5. Wireless: Michail Bletsas reports that the past week was spent
testing reliability, functionality, and scalability.
On the reliability front, David Woodhouse is in the process of
sanitizing the command queueing used in the wireless driver; this
should eliminate the occasional fall into catatonia by the firmware.
Testing this week confirmed that these problems only manifest in very
busy wireless environments. Even in such environments, they tend to
only affect idle machines. When XOs are idle, the are exchanging Salut
traffic (useful) and generating probes and probe responses for WLAN
discovery (useless and a big nuisance with large numbers of XOs).

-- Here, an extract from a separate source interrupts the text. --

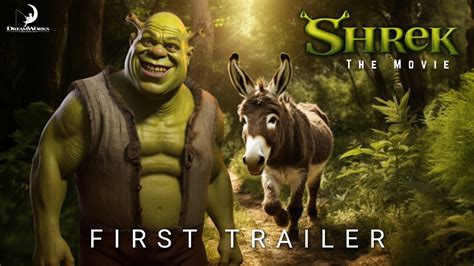 Shrek: The Live-Action Movie - First Trailer - YouTube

Michail is currently testing a version of the firmware that disables
probe responses from XOs with the intent to deploy it in the upcoming
learning workshops so that we can comfortably run all the machines in
the room concurrently.
Collabora also found a number of bugs in the local-link presence code
which will improve scaling in the next release. Ricardo tested
various workarounds for the UI's wireless encryption configuration
bugs.
6. Active antennae: Marvell is going to release the firmware update
tool for the active antennae next week. This became more urgent after
the recent frame-format change and John Watlington's observation that
the school server's boot time is longer than the time period during
which the active antennas wait for the host to talk them after
power-up (See further discussion below). The current modules switch
into autonomous mode before the server has finished with its boot-up
sequence and thus they fail to be properly configured by the server.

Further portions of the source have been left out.